▸ Required action
Begin with the first line of the listing and quote every line through the one containing "Women's Graphic &"; give only those lines.

────────────────────────────────────────

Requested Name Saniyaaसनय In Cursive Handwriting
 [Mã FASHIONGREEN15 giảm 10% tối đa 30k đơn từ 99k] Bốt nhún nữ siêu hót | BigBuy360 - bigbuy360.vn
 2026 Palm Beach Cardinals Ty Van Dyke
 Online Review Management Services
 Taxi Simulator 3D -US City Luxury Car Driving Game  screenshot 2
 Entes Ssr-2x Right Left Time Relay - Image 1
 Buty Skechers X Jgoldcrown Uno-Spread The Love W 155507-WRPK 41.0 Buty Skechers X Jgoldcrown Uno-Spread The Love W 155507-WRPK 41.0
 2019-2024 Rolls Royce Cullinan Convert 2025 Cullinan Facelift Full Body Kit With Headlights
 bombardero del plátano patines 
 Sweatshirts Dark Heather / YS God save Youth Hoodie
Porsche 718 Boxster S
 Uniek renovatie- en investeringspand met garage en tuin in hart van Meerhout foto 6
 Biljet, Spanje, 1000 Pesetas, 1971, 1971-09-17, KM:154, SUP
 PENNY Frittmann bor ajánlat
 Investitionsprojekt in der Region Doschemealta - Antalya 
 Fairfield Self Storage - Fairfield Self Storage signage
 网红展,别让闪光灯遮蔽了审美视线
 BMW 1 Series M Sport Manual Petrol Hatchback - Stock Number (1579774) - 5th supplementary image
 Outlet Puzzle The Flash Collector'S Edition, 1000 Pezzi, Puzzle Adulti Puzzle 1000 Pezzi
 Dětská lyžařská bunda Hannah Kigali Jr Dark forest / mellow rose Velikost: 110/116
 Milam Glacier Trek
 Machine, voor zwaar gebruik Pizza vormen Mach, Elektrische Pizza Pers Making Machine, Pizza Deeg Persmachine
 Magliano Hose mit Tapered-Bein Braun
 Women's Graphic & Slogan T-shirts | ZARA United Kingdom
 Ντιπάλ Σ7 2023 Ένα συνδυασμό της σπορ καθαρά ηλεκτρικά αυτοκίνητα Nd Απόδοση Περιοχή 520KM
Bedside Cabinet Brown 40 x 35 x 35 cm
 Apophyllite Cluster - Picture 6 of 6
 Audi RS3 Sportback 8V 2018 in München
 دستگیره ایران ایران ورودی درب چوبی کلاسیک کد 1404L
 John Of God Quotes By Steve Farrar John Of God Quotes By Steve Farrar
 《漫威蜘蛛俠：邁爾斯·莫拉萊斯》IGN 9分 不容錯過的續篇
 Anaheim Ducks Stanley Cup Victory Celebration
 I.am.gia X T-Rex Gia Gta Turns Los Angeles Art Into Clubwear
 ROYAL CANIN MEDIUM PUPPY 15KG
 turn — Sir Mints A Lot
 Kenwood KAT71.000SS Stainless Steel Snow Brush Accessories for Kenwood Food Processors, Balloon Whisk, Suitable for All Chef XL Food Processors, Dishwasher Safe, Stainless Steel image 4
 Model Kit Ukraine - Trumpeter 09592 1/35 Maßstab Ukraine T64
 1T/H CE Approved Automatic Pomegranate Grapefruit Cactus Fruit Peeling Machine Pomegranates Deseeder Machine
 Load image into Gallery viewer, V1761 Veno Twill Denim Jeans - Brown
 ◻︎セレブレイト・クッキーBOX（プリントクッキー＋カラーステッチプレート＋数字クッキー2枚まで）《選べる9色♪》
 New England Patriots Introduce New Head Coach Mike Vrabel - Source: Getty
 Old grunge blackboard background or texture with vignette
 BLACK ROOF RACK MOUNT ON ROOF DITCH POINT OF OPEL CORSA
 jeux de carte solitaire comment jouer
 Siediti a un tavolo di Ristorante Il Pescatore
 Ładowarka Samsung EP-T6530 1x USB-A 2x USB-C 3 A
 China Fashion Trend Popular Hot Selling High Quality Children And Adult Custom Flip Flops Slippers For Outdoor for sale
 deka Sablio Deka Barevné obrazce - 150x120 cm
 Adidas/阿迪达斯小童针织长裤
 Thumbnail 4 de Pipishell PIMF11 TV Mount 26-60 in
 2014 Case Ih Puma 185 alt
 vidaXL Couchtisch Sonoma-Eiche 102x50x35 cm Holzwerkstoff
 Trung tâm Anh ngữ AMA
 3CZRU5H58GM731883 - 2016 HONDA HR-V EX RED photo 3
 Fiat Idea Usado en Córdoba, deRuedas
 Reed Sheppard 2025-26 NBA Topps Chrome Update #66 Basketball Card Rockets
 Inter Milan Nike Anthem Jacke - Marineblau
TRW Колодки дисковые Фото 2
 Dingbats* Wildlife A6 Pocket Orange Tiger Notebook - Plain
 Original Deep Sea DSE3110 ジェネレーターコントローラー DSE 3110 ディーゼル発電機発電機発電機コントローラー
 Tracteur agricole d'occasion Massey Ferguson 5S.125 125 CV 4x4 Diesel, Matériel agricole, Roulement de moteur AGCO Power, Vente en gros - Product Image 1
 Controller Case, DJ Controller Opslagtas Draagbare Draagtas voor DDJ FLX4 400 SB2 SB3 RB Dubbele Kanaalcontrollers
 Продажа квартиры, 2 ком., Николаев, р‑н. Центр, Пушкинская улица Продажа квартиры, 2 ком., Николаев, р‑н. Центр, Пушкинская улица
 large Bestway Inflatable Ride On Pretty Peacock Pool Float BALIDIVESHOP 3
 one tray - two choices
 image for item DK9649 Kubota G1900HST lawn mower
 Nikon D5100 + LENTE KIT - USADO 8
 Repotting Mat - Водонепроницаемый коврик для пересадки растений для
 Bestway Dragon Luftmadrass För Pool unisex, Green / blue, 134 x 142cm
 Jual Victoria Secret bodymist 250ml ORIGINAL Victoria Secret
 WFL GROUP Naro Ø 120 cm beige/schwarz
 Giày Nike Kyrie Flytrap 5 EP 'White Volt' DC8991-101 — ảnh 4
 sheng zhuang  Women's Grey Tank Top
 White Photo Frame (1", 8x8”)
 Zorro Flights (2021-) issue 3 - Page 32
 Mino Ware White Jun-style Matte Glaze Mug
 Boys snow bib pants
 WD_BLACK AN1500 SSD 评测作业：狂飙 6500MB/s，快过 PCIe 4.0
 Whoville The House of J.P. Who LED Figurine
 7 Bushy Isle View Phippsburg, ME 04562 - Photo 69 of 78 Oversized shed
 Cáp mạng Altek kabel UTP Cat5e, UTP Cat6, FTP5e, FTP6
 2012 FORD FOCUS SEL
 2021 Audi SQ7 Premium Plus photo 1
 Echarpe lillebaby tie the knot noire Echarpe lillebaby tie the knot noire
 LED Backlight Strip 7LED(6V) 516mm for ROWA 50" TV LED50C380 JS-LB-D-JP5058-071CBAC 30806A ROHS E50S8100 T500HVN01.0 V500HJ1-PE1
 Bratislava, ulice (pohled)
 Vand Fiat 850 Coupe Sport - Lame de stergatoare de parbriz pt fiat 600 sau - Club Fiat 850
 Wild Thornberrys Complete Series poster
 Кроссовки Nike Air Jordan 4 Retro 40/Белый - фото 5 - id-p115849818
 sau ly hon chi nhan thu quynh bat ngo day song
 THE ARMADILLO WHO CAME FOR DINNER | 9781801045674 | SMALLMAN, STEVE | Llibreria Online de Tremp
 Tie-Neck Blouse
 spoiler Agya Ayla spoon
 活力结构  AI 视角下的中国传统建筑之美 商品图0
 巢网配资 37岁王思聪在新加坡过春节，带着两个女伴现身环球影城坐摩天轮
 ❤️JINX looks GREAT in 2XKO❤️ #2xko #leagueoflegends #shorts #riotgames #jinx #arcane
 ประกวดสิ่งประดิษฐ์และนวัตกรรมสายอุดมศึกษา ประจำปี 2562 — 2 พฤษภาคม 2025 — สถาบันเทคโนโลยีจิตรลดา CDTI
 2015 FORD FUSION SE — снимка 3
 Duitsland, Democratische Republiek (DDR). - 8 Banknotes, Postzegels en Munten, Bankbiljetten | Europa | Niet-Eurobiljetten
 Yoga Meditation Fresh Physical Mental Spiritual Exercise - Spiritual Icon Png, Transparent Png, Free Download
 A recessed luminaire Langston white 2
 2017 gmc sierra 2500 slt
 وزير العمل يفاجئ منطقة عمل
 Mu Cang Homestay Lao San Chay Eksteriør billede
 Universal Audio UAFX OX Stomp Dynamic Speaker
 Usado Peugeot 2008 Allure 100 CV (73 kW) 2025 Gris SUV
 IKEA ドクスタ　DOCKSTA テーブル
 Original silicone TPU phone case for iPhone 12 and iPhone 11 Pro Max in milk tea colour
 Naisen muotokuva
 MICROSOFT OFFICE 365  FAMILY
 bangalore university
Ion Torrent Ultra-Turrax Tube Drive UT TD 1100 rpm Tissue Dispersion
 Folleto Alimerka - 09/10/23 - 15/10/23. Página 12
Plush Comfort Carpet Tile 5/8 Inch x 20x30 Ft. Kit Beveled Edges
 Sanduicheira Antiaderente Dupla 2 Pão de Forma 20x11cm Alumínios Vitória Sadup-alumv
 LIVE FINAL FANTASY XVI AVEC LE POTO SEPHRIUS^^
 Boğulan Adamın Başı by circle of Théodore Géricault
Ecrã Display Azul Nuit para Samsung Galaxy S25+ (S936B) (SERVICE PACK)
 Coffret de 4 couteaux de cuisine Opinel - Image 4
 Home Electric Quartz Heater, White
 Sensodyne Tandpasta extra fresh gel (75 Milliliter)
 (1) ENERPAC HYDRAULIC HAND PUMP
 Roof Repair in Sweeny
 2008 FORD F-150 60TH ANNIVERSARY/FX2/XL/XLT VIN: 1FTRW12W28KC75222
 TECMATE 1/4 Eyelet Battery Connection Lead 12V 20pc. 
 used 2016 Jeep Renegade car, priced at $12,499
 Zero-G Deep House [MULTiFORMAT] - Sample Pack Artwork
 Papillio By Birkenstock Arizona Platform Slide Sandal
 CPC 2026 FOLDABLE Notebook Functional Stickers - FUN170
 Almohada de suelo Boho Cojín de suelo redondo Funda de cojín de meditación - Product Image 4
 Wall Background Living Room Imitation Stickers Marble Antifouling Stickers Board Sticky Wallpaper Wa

────────────────────────────────────────

▸ Response area
Requested Name Saniyaaसनय In Cursive Handwriting
 [Mã FASHIONGREEN15 giảm 10% tối đa 30k đơn từ 99k] Bốt nhún nữ siêu hót | BigBuy360 - bigbuy360.vn
 2026 Palm Beach Cardinals Ty Van Dyke
 Online Review Management Services
 Taxi Simulator 3D -US City Luxury Car Driving Game  screenshot 2
 Entes Ssr-2x Right Left Time Relay - Image 1
 Buty Skechers X Jgoldcrown Uno-Spread The Love W 155507-WRPK 41.0 Buty Skechers X Jgoldcrown Uno-Spread The Love W 155507-WRPK 41.0
 2019-2024 Rolls Royce Cullinan Convert 2025 Cullinan Facelift Full Body Kit With Headlights
 bombardero del plátano patines 
 Sweatshirts Dark Heather / YS God save Youth Hoodie
Porsche 718 Boxster S
 Uniek renovatie- en investeringspand met garage en tuin in hart van Meerhout foto 6
 Biljet, Spanje, 1000 Pesetas, 1971, 1971-09-17, KM:154, SUP
 PENNY Frittmann bor ajánlat
 Investitionsprojekt in der Region Doschemealta - Antalya 
 Fairfield Self Storage - Fairfield Self Storage signage
 网红展,别让闪光灯遮蔽了审美视线
 BMW 1 Series M Sport Manual Petrol Hatchback - Stock Number (1579774) - 5th supplementary image
 Outlet Puzzle The Flash Collector'S Edition, 1000 Pezzi, Puzzle Adulti Puzzle 1000 Pezzi
 Dětská lyžařská bunda Hannah Kigali Jr Dark forest / mellow rose Velikost: 110/116
 Milam Glacier Trek
 Machine, voor zwaar gebruik Pizza vormen Mach, Elektrische Pizza Pers Making Machine, Pizza Deeg Persmachine
 Magliano Hose mit Tapered-Bein Braun
 Women's Graphic & Slogan T-shirts | ZARA United Kingdom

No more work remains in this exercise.